大分県豊後高田市の若宮八幡神社の宮司を900年務める家に生まれ,神職資格を持つ。
Rockな魂と仕事への情熱であらゆる分野で最強を目指し日々研鑽しています!

 大分,ブログを放置していました。

 忙しいときほど気晴らしに更新するんだということを書いたこともありますが,意外と依頼者の方も見てたりすることが分かったので,なかなかそうもで・・・

 そんなわけで,今日も午前4時近くです!

 時間のかかった書面がようやく一応の完成をみたので,久しぶりにブログでもと。

 さて,そんな忙しいなかでも,数年前のような年間200日飲みということはもうありませんが,飲みにはちょいちょい行ってます。

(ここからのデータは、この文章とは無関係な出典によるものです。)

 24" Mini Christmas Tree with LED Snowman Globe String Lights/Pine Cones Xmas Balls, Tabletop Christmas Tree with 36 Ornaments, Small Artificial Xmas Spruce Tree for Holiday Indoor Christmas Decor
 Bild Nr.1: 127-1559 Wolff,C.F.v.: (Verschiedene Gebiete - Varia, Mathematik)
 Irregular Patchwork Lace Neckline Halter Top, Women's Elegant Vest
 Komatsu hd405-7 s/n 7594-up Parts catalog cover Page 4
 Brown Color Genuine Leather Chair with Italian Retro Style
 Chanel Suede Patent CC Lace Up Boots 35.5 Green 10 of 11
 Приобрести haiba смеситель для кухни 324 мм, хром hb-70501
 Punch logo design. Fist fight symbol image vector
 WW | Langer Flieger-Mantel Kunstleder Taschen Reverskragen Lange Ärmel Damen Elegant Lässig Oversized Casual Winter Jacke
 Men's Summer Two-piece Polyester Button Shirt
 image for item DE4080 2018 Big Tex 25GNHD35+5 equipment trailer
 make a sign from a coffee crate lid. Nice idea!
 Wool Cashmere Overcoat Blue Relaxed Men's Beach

 率直に言って,ノミニケーションから,長い目で見ると,かなり仕事になります。

 昨日もなんだかんだで仕事の話になりました。

 ただ,衝撃的だったのは,昨日,完全に途中から記憶が飛んだ(汗)

 飲んでる途中までは覚えてて,気がつくと,自宅で朝。

 靴下とズボンだけ脱いで,時計まで付けたまま,寝てる(笑)

 タクシーの領収証があったので,タクシーで帰ってきたのはわかったのですが,そこもまったく思い出せない。

 そこまで完全に記憶飛ぶって,いついらいだろう。

 学生時代以来かなあ・・・

 学生時代は,救急車に運ばれたこともあったので(汗)

 ところで,刑事事件で,よく酒を飲んでて覚えてないという弁解があります。

 しかし,酒を飲んでたから・・・という言い訳は,刑事事件ではまず通らないと思います。

 確かに,刑法39条は

心神喪失者の行為は、罰しない。

心神耗弱者の行為は、その刑を減軽する。

としています。

 善悪の判断や行動をコントロールする能力がなくなってる場合は罰せられず,なくなっているのに近い状態だったら刑が軽くなるのです。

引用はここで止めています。